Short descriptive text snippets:
○ ○ ○ ○

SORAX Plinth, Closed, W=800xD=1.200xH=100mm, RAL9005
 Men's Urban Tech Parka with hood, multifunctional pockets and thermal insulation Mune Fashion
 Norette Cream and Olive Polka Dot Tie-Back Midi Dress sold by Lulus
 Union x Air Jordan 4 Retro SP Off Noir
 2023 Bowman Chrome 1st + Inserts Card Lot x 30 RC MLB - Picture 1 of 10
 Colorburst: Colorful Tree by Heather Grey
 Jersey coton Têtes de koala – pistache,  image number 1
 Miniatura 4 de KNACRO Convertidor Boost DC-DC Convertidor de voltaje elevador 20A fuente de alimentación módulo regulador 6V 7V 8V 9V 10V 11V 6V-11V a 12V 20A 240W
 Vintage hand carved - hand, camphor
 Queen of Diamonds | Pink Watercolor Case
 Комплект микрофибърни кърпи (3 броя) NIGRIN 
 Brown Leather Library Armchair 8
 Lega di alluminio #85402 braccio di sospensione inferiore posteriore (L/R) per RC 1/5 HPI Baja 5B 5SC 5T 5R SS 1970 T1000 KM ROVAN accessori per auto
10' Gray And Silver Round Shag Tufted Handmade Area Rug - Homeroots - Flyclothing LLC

○ ○ ○ ○

EXERCISE OBJECTIVE - The answer must be the line containing "Комплект микрофибърни кърпи (3 броя) NIGRIN" and every line after it through the last line of the records above, repeated exactly.

WRITTEN ANSWER -
 Комплект микрофибърни кърпи (3 броя) NIGRIN 
 Brown Leather Library Armchair 8
 Lega di alluminio #85402 braccio di sospensione inferiore posteriore (L/R) per RC 1/5 HPI Baja 5B 5SC 5T 5R SS 1970 T1000 KM ROVAN accessori per auto
10' Gray And Silver Round Shag Tufted Handmade Area Rug - Homeroots - Flyclothing LLC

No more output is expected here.